A few months ago, I wrote about smart roads being built in Kansas. Last week, we looked at two Canadian tech companies that are creating ways to reduce energy bills and save money for homeowners. It may seem odd to cover technology on a real estate blog, but as we shift towards a technology-driven future, the distinction between the two is beginning to blur.
When cars were first mass-produced and commercialized, the result was urban sprawl; the habitation of lesser populated areas that we called the suburbs. Cars made it possible to sleep and eat in one place, and work somewhere else. Suddenly, it made sense to live tens of kilometers away from the nearest grocery store or elementary school.
As we inch towards the reality of self-driving cars, it’s worth investigating the effect they will have on the way we live. We know that real estate costs much more when it’s located close to public transit and city centres – exponentially more. Even though it’s possible to commute from beyond the city limits to downtown, there’s no denying those hours would be better spent with loved ones, squeezing in a workout, or simply relaxing.
Self-driving cars will transform the experience of an hour-long commute from frustrating to fun; we’ll catch up on beauty sleep, meditation, FaceTime, or even get to work earlier. Autonomous cars will make commutes more tolerable, and decrease the cost of housing in what are currently convenient (and premium) locations.
99mph is an American company using big data to quantify just how disruptive the arrival of self-driving cars will be on home prices in US metropoles. Their conservative prediction is in the realm of a 1 trillion dollar shift from properties with a convenience premium to those with an inconvenience penalty.
The table below illustrates the U.S. cities that will be impacted the most:
Single-metropolis, or monocentric cities like LA or New York are expecting the biggest shift from convenience properties to those with an inconvenience penalty.
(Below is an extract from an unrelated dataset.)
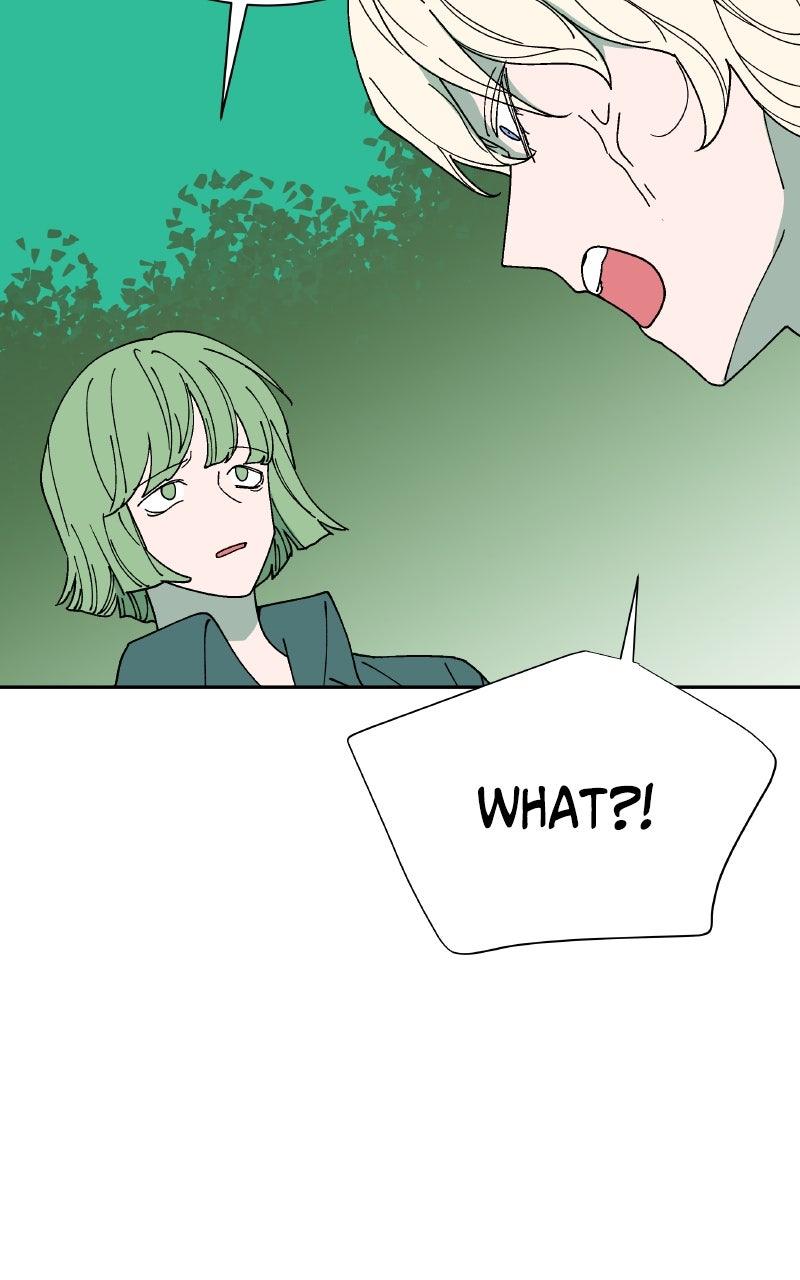 False Paradise Chap 48 - Next Chap 49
Minneapolis and Phoenix, which are poly-centric cities, do not put the same premium on location, and therefore will experience less of a shift.
Canada shouldn’t expect a shift of the same magnitude, there are simply fewer people and less money invested in Canadian real estate than in the U.S.. But relative to other Canadian cities, Toronto would appear to be near the top of the chart. We can expect to see a housing shift from Toronto-proper to markets such as Milton, Burlington, Stoney Creek, Barrie, Collingwood, Markham, and Pickering.
Self-driving cars aren’t quite ready for prime time, but they will certainly impact real estate values and buying decisions. The pace of innovation is not slowing down. I’m sure technology will continue to influence our daily lives; self-driving cars are just the beginning. What do you think is next?